Data Processing

Powerful Data Processing Engine

"Having built routers that process data at terabits per second, performance has always been the core differentiator of API AutoFlow"
Co-Founder / Chief Architect, David Jung

Raw data-like unrefined gold buried deep
in a mine is a precious resource for modern businesses

API AutoFlow Data Transformation
Joining Filtering Splitting Cleansing Aggregation Validation Key Restructuring Bucketing & Binning Derivation Deduplication Integration Format Revision Z-Score Normalization and Max-Min Scaling
data warehouse
rdbms
files
saas
mainframe
apps

A simple drag and drop of action to flexibly work with strings, arrays, objects, and more.

Bucketing/Binning

Grouping by a range of values, i.e., categorizing a number of continuous values into a smaller number of bins (buckets), say, from {1,3,5…} to {1-5, 8-10, 14-18…}.

Actions Object String are commonly used to perform the bucketing.

Data Aggregation

The process where data is gathered and expressed in a summary form for statistical analysis and visualization.
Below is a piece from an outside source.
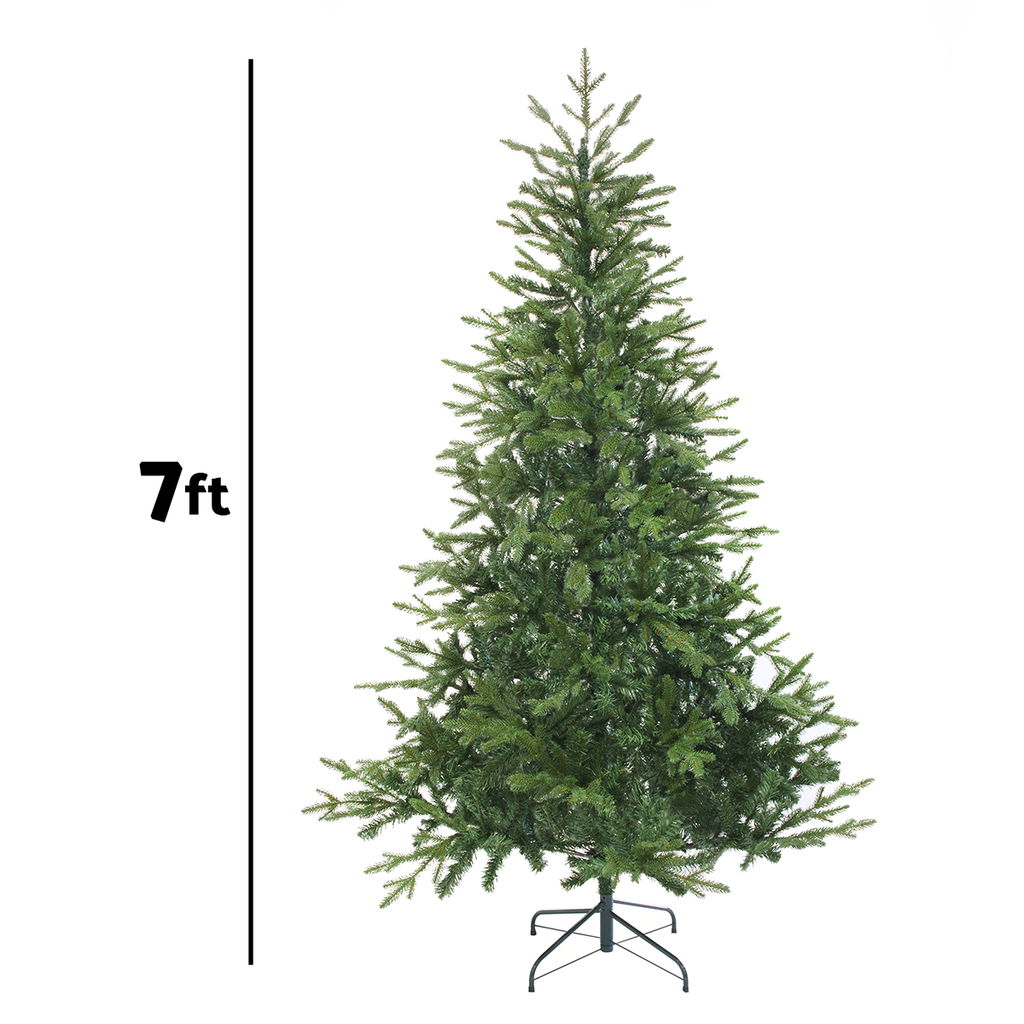 Dellonda Artificial Hinged Christmas Tree with 1400+ PE Tips, 7ft/210cm (DH46)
For example, data can be aggregated over a given time to provide statistics such as average, minimum, maximum, sum, and count. The aggregated data then can be analyzed to gain insights about particular resources or resource groups.

Actions Iteration/Map Array String are commonly used to perform the aggregation.

Data Cleansing

The process of analyzing, identifying, and correcting messy, raw data. Also referred to as data scrubbing and data cleaning, data cleansing relies on the careful analysis of datasets to provide the most accurate data possible.

Actions Iteration/Filter Data/Set String are commonly used to perform the cleansing.

Data Deduplication

The process eliminates excessive copies of data and significantly decreases storage capacity requirements. Also referred to as single-instance storage, intelligent compression, commonality factoring, or data reduction, deduplication allows you to store one unique copy of data in your data warehouse or database.

Actions Array/Unique Conditional/IF are commonly used to perform the dupulication.

Data Derivation

The creation of special rules to “derive” the specific information you want from the data source. For example, let's say you have revenue data from sales, but you want the profit figures derived after subtracting costs and tax liabilities.

Actions Interation/ForEach Data/Expression are commonly used to perform the derivation.

Data Filtering

The process of refining the datasets. The goal is to eliminate repeated, irrelevant, or overly sensitive data.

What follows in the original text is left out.